Nevertheless, the NAR economist is expecting appreciation to cool somewhat next year, falling to the 5-5.5 percent range on average. That's still rather high, he said, just not as high as it has been.

"We should see somewhat slower price appreciation in 2005, but as we enter the year with inventories remaining low, home prices will continue to rise a little faster than historic norms."

He's also calling for mortgage rates to "hover" in the 6-7 percent range next year. "Hopefully," he said, rates "will stay below six a little longer." But even if they start bumping up against 7 percent, he thinks the market won't slow terribly because it means the economy is picking up steam, creating jobs and boosting the financial wherewithal to continue to trade houses.

Published: November 9, 2004

Use of this article without permission is a violation of federal copyright laws.




When Lew Sichelman first started writing about housing in 1969, he was the youngest real estate writer in the country. Now, 37 years later, he's one of the oldest -- and most decorated.

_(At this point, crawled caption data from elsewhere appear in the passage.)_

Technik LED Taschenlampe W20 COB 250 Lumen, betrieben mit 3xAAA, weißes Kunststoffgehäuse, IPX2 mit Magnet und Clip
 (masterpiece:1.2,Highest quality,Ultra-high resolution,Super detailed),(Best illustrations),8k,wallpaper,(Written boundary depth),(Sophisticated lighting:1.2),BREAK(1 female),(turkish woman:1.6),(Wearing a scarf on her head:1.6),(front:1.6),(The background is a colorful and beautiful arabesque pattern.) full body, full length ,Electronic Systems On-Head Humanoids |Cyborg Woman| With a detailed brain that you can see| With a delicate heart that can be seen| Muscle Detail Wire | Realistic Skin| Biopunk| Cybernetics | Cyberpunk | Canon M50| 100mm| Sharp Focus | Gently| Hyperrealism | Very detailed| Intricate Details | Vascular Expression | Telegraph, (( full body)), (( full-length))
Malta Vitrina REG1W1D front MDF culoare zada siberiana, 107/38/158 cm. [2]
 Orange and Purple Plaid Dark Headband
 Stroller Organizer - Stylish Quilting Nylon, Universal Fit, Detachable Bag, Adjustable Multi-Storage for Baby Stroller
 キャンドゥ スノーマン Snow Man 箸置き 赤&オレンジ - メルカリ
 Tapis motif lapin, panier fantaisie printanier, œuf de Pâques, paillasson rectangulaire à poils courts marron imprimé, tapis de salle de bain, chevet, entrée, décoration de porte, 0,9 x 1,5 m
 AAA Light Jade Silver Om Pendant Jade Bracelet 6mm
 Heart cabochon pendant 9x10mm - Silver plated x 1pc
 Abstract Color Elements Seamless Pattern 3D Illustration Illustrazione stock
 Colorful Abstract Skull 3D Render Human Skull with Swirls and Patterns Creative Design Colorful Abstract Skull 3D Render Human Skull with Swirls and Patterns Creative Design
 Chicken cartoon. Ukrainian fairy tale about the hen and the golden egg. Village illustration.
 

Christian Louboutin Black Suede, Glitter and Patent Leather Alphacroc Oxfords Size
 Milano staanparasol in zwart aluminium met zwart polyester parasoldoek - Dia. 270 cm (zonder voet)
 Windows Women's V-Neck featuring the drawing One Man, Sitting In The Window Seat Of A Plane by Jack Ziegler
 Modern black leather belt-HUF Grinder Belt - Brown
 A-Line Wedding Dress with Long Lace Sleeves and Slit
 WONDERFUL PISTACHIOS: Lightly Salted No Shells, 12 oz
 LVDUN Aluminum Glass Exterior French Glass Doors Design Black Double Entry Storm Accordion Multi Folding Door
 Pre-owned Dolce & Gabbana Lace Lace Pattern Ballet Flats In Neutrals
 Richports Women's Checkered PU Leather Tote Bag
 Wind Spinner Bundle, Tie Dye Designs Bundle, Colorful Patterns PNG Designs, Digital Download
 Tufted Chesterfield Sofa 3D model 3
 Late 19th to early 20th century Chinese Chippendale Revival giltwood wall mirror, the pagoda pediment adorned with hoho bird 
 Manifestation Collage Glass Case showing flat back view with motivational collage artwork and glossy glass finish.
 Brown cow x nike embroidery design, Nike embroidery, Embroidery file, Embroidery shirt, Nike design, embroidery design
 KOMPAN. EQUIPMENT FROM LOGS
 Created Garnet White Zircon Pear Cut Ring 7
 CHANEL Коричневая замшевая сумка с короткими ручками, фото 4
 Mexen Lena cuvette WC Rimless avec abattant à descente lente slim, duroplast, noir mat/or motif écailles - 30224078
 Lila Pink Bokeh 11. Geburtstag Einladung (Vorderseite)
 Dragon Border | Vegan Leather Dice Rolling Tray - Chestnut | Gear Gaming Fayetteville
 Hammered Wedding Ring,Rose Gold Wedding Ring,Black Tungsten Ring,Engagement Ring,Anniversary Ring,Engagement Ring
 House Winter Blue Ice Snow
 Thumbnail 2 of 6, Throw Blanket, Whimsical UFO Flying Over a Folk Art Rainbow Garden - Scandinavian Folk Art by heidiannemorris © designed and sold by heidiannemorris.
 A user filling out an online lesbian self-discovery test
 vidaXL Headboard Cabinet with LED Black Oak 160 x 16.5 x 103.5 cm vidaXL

He has been rated the top housing columnist in the country by the National Association of Realtors as well as by his peers in the National Association of Real Estate Editors. Indeed, NAREE has recognized his work on numerous occasions. One year - due to his advancing age, he can't recall which one - he earned top honors in the annual NAREE Journalism Contest in three out of the four major writing categories. It was the first time one writer has won so many NAREE awards in a single year.

Known for his ability to make even the most difficult topics understandable, Sichelman also has been honored by the National Association of Home Builders and the Mortgage Bankers Association.

He began providing in-depth coverage of and consumer-oriented information about housing and housing finance at the Washington Daily News, where he was real estate editor. He held that same position for nine more years at the Washington Star, which purchased the News in 1972.

The Star, a so-called "writer's newspaper" which also had the misfortune of being an evening paper, was put out of its misery in 1981, and Sichelman, who had begun self-syndicating his column in 1978, decided to become a full-time columnist. Today, his column, "The Housing Scene," is distributed by United Media to newspapers throughout the country.

He also is on the staff of National Mortgage News, an independent newspaper which is considered the bible of the mortgage business. And he writes for numerous other publications, including MarketWatch.com, where he answers readers questions once a week, Sports Illustrated (don't ask), RealtyTimes.com, BigBuilder and others.

Sichelman is married, the father of five and grandfather of eleven.